O governo lançou um plano de £ 500 milhões (R$ 1,6 bilhão) que oferece até £ 2.500 (R$ 8.075) para as empresas treinarem e contratarem pessoas desempregadas há mais de seis meses. Sindicatos patronais e de trabalhadores elogiaram a boa intenção do governo, mas explicaram que não é hora de pensar em contratações, e sim de preservar os empregos existentes. “Dentro de três meses é ainda mais difícil de imaginar que isso possa funcionar, com os empregadores lutando para sobreviver durante uma recessão”, disse John Cridland, vice-diretor geral das Câmaras Britânicas de Comércio.

O número de falências no primeiro trimestre deste ano foi 35% maior que no do ano passado, segundo levantamento da empresa Equifax. Desapareceram das “high streets”, as ruas principais dos bairros e cidades pequenas, marcas que faziam parte da paisagem urbana, como as redes Woolsworth e Zavvi. Instituição britânica, os pubs estão fechando ao ritmo de oito por semana – embora, além da crise, haja a proibição de fumar em todos os lugares fechados, que tem expulsado muitos de seus clientes.
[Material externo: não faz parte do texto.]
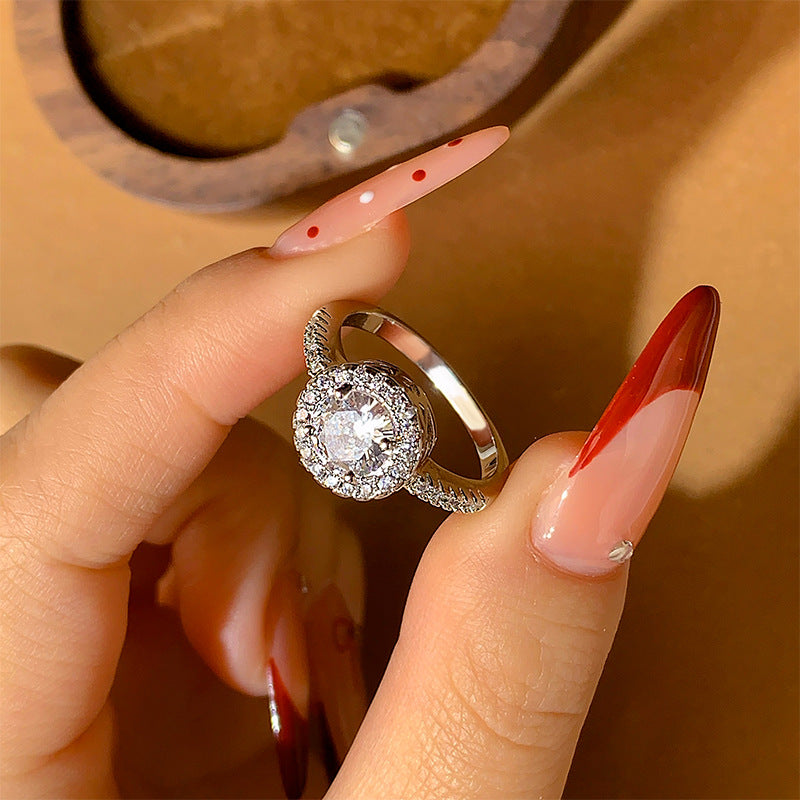 Round Zircon Wedding Ring Double Row Diamond Ball – Gifts for Couples — 1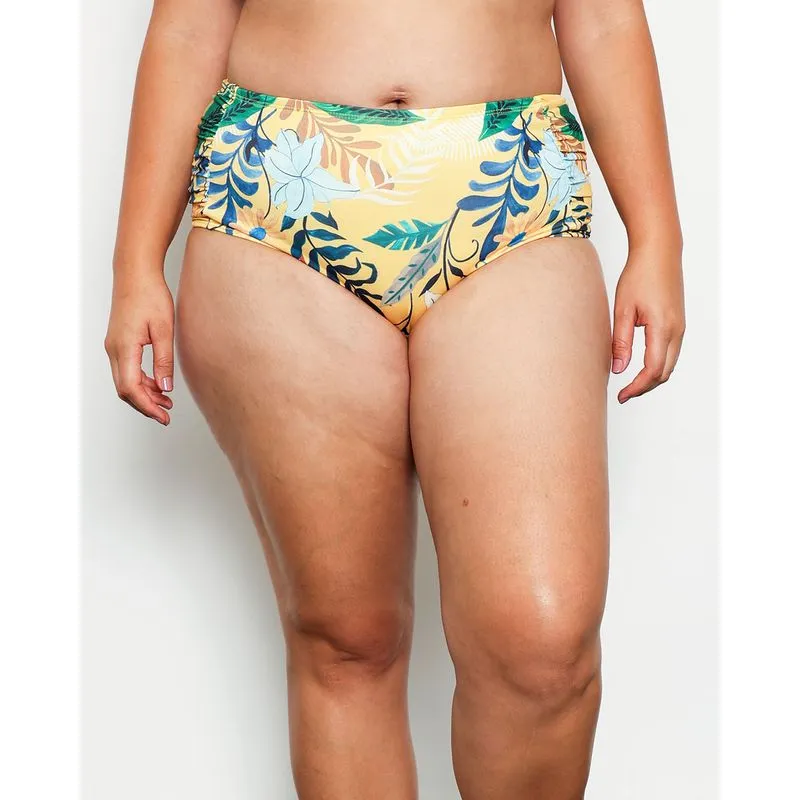 Biquíni Calcinha Plus Size Feminina Avulsa Estampado Folhagem Amarelo 52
Na Edgeware Road, avenida de comércio tradicional de imigrantes árabes e indianos, uma das duas lojas de luminárias A & H Bass está torrando seu estoque com 50% de desconto, antes de fechar as portas. O vendedor Mahul Shaah estima que o movimento tenha caído entre 30% e 40%. Hoje, o que a loja vende só dá para pagar o aluguel de £ 18 mil libras (R$ 58.140). “Há um ano, essa avenida era extremamente movimentada”, recorda Shaah. “Agora, está morta.”